▶ [Task to complete]
Below are lines of records; copy exactly those from the one containing "Vista de la iglesia de Romanesque" through the one containing "aksi pashmina kashmiri", leaving the pictures behind.

▶ [Material for this exercise]
*** Block opens ***

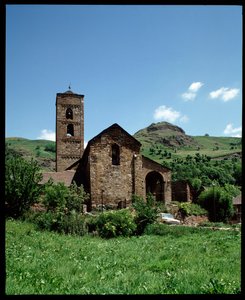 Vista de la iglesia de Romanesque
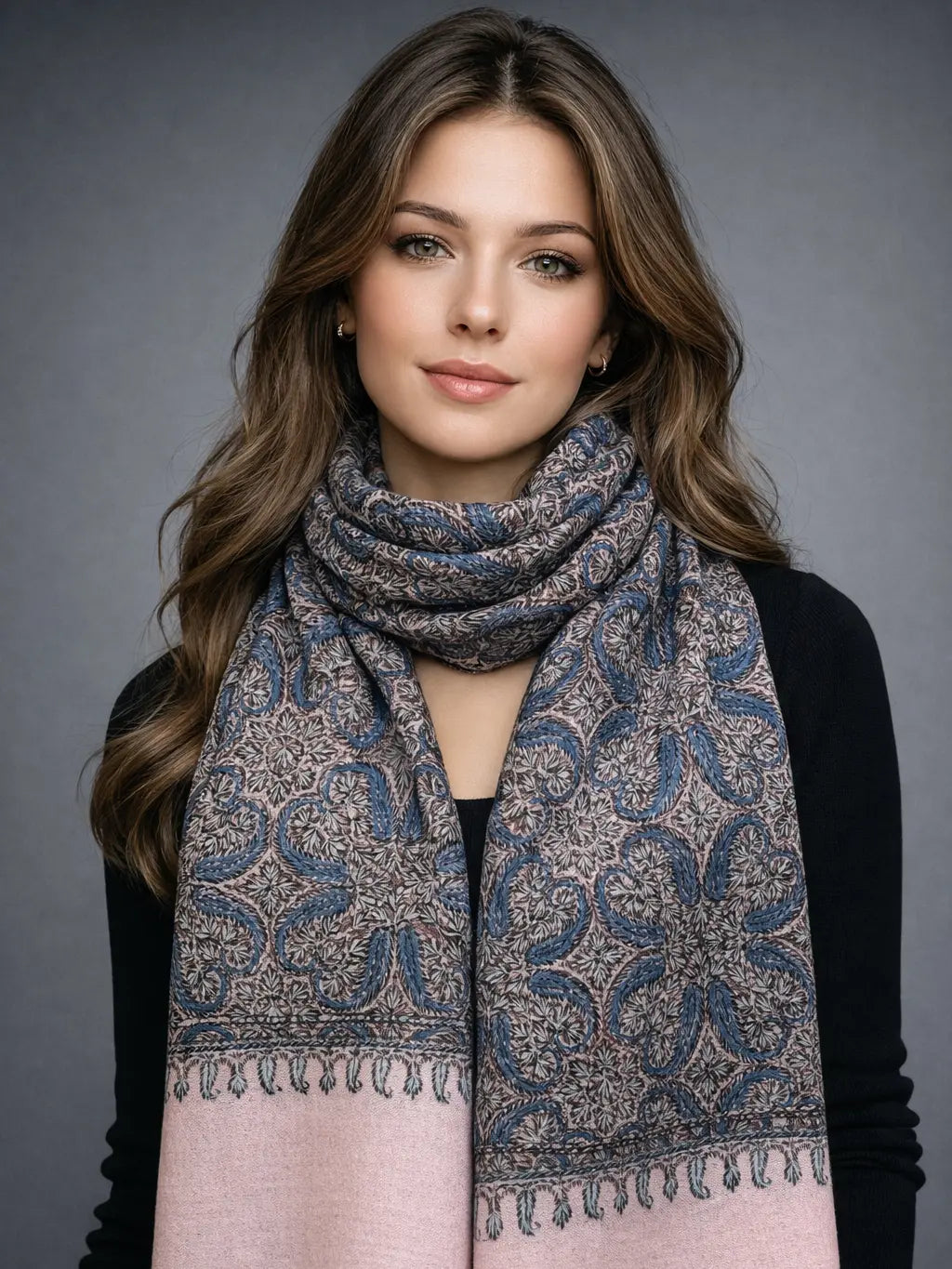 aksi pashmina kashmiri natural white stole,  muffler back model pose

*** Block closes ***
*** Block opens ***

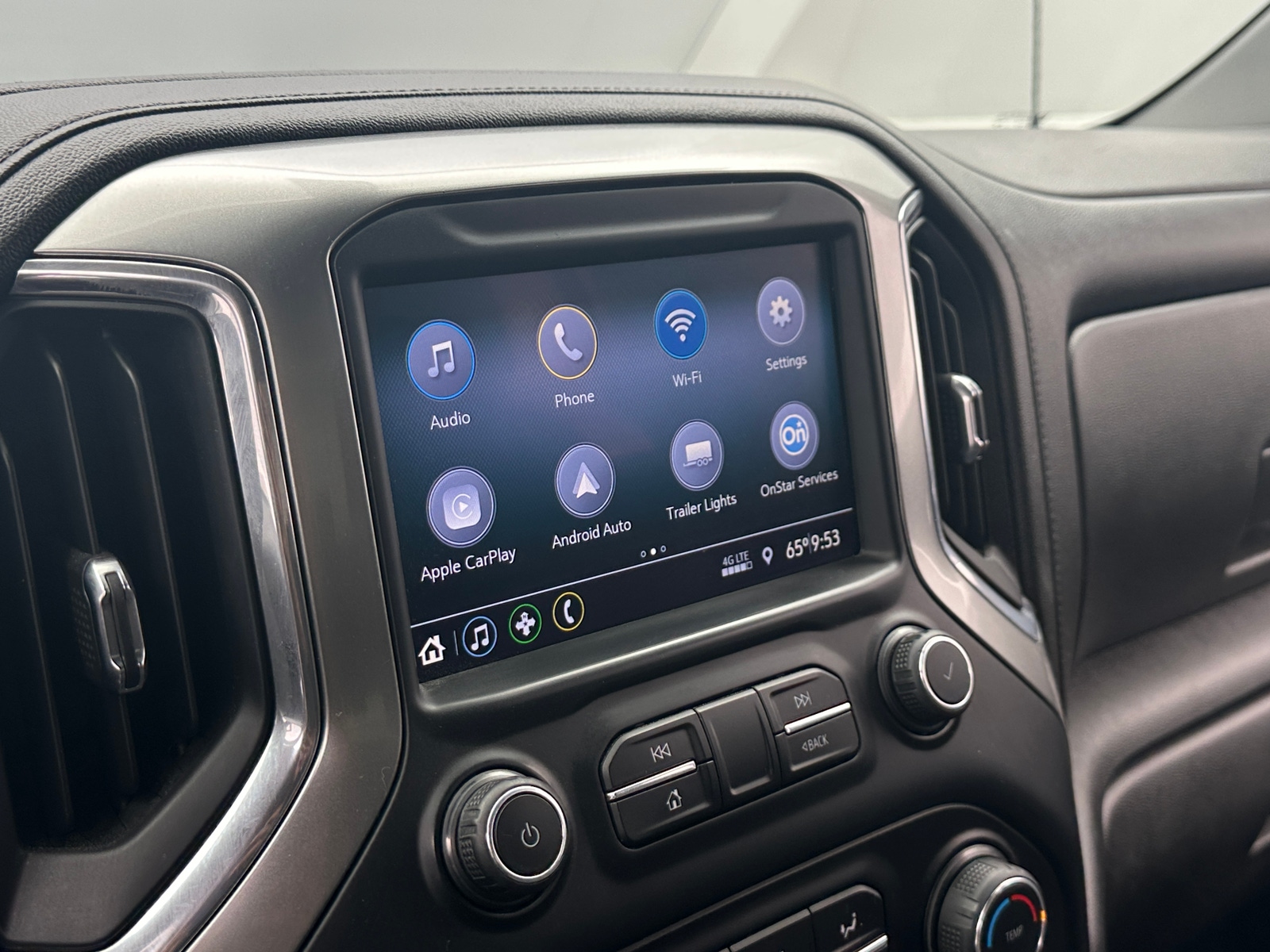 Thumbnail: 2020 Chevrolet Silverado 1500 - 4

*** Block closes ***

▶ [Answer to the problem]
 Vista de la iglesia de Romanesque
 aksi pashmina kashmiri natural white stole,  muffler back model pose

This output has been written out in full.